At Least 4 Vaccine Candidates Backed by U.S. Government Predicted to Fail, Analytics Group Says
The U.S. government has financially backed the development of six different vaccine candidates aimed at the novel coronavirus. Although billions of dollars have been appropriated to the pandemic, at least four of those potential preventative treatments are predicted to fail in the clinic.
This morning, CNBC cited a draft report from the National Academies of Sciences, Engineering, and Medicine that lays out the plans for the distribution of potential vaccines supported by the federal government’s Operation Warp Speed. In the draft report, the organization speculated the failure of four of the trials largely due to the difficulties of developing vaccines.
Citing a study in the journal Biostatistics, the organization noted that only about 33% of vaccine candidates successfully make it through clinical trials and on to regulatory approval. The vaccine candidates typically falter in Phase III trials when the experimental drug is provided to thousands of patients. Phase III designs for vaccine candidates backed by Operation Warp Speed, which include Pfizer, Moderna and AstraZeneca, call for the coronavirus vaccine to be administered to 30,000 healthy volunteers. That expected failure rate is why the government has been redundant in backing multiple vaccine candidates over the past several months.
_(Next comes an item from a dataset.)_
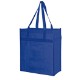 Deluxe Heavy Duty Non-Woven Market Tote with Poly Board Insert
Early clinical data for the vaccine candidates are positive, with each of the companies reporting the presence of antibodies and, in the case of AstraZeneca, T-cells in patients who received the experimental drug in Phase I studies.
The U.S. Food and Drug Administration (FDA) has set an efficacy threshold of 50% for a vaccine against the novel coronavirus, which has infected more than 25 million across the globe, including more than 6 million in the United States.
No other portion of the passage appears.